Plusieurs milliers de soignants, médecins, infirmières, infirmiers et pharmaciens ont signé un appel début juin pour s’opposer à l’idée de provoquer intentionnellement la mort de leurs patients. Cette déclaration intervient alors que la proposition de loi relative à la fin de vie est examinée au Parlement depuis le 22 juin, avec un vote prévu le 30 juin. Bien que des garde-fous soient présentés, des exemples comme ceux de la Belgique et des Pays-Bas montrent que ces barrières sont souvent contournées.
Les raisons avancées pour demander l’euthanasie incluent la culpabilité d’être un fardeau pour l’entourage, la peur de souffrances insupportables, et la crainte de l’acharnement thérapeutique. Ces préoccupations doivent être prises en compte, mais la mort ne devrait jamais être considérée comme la seule issue.
Des études indiquent qu’au sein des soins palliatifs, seulement 0,3 % des patients ayant exprimé une demande d’euthanasie à leur admission la maintiennent après avoir reçu des soins appropriés. Près de 95 % des douleurs peuvent être traitées grâce aux avancées médicales, et un accompagnement bienveillant peut redonner un sens à la vie des patients, même dans des situations difficiles.
Les soins palliatifs ne doivent pas être vus comme une étape vers l’euthanasie, car ils sont fondamentalement incompatibles avec celle-ci. Les témoignages des soignants dans les unités de soins palliatifs soulignent l’importance de la présence, de l’écoute et de l’attention, qui apportent réconfort et dignité aux patients.

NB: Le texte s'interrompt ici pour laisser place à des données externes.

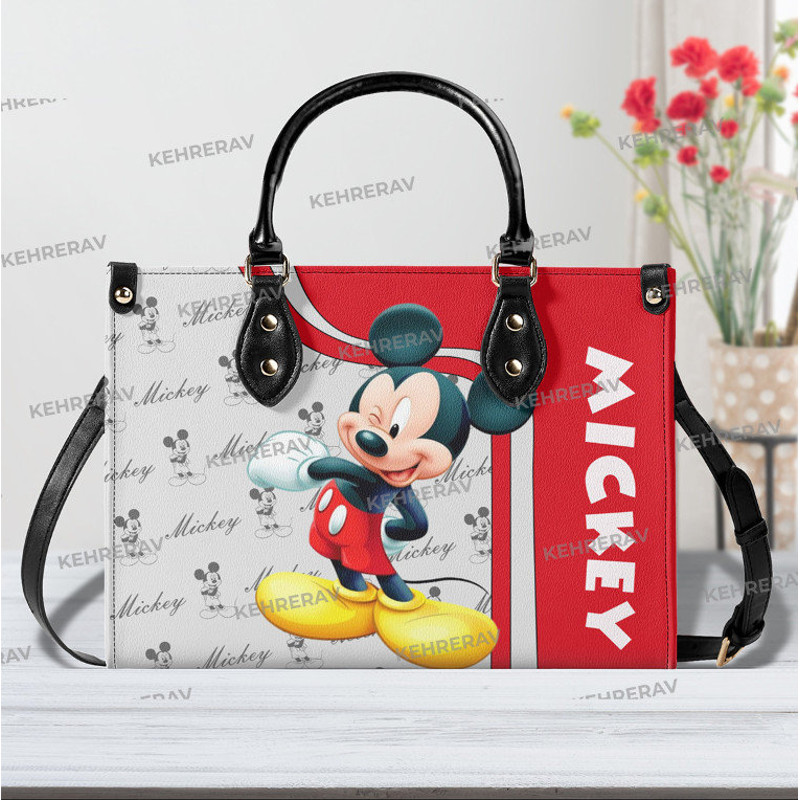 Mickey Lovely Leather bag Handbag, Mickey Lover's Handbag,Custom Leather Bag,Woman Handbag,Handmade Bag,Vintage Bag,Mickey Women Bags Purses.jpg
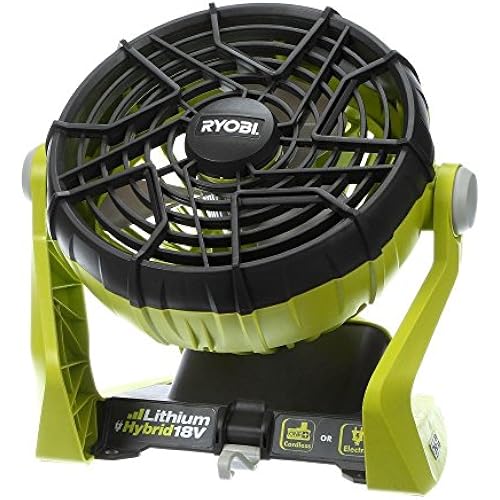 Ryobi P3320 18 Volt Hybrid One+ Battery or AC Powered Adjustable Indoor / Outdoor Shop Fan (Battery and Extension Cord Not Included / Fan Only)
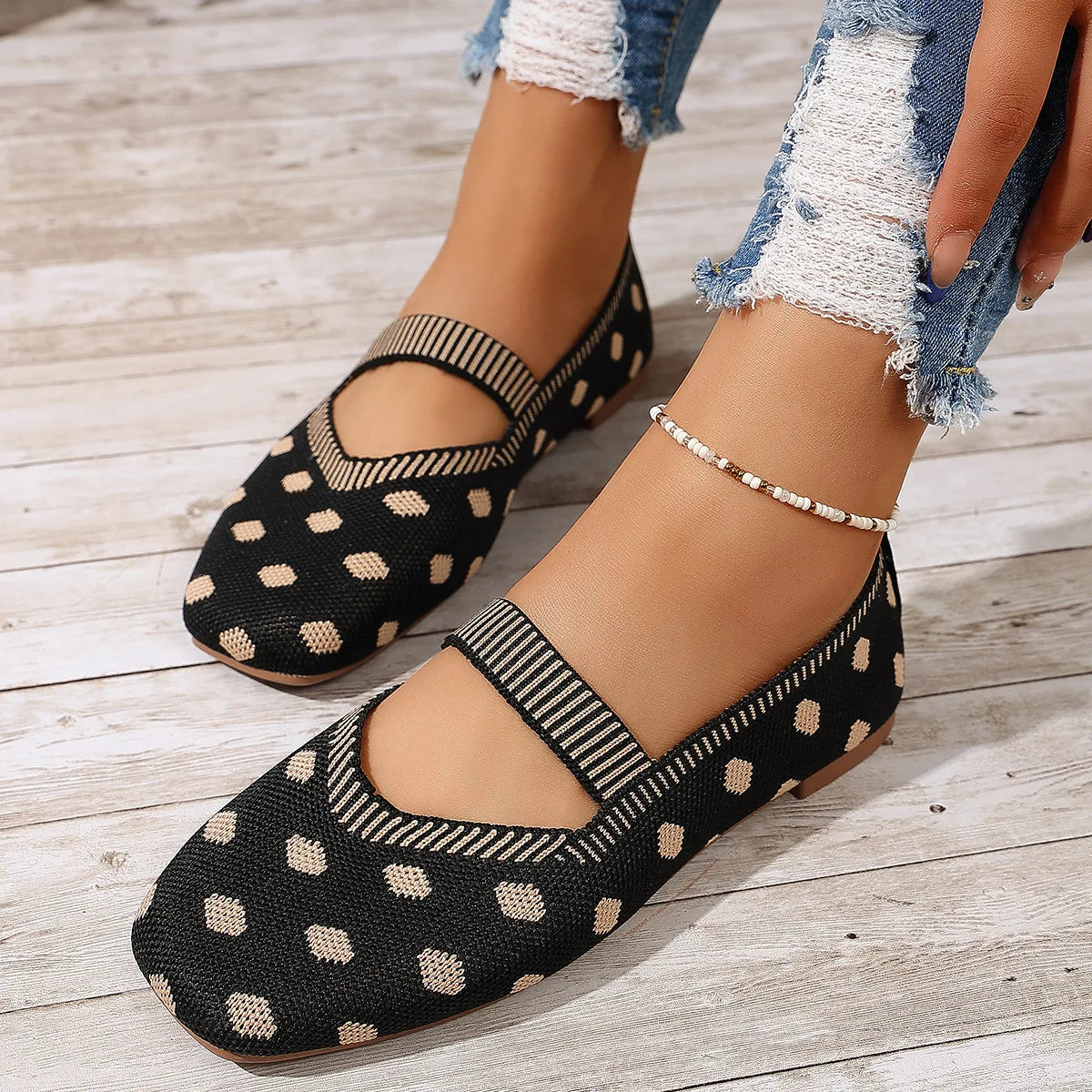 Women's Polka Dot Mary Jane Flats – Casual Woven Slip-On Mary Jane Flats Axl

La discussion autour de cette loi se déroule dans un contexte budgétaire tendu, alors que le système de santé fait face à une crise. La majorité des soignants impliqués dans les soins aux personnes en fin de vie s’opposent à cette proposition, craignant qu’elle ne mène à un abandon de la recherche sur la gestion de la douleur.

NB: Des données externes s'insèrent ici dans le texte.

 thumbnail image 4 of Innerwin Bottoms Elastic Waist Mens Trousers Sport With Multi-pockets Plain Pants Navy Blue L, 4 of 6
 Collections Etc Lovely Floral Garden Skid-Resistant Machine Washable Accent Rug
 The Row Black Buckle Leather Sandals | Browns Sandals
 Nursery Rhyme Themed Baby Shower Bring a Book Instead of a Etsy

Lorsque les traitements ne parviennent pas à enrayer l’évolution d’une maladie, les médecins peuvent ressentir un échec personnel. Cependant, les patients attendent de leur médecin non pas une solution miracle, mais une présence attentive et un soutien dans leurs épreuves.
Sans une approche centrée sur le soin, il est compréhensible que certains patients demandent à mettre fin à leurs jours. Cependant, les progrès réalisés en matière de soulagement de la douleur et d’accompagnement personnalisé montrent que la majorité des plaintes peuvent être adressées efficacement.
Pour toutes ces raisons, les soignants affirment leur refus d’abréger volontairement la vie de leurs patients et appellent à une éthique de soin respectueuse de la vie.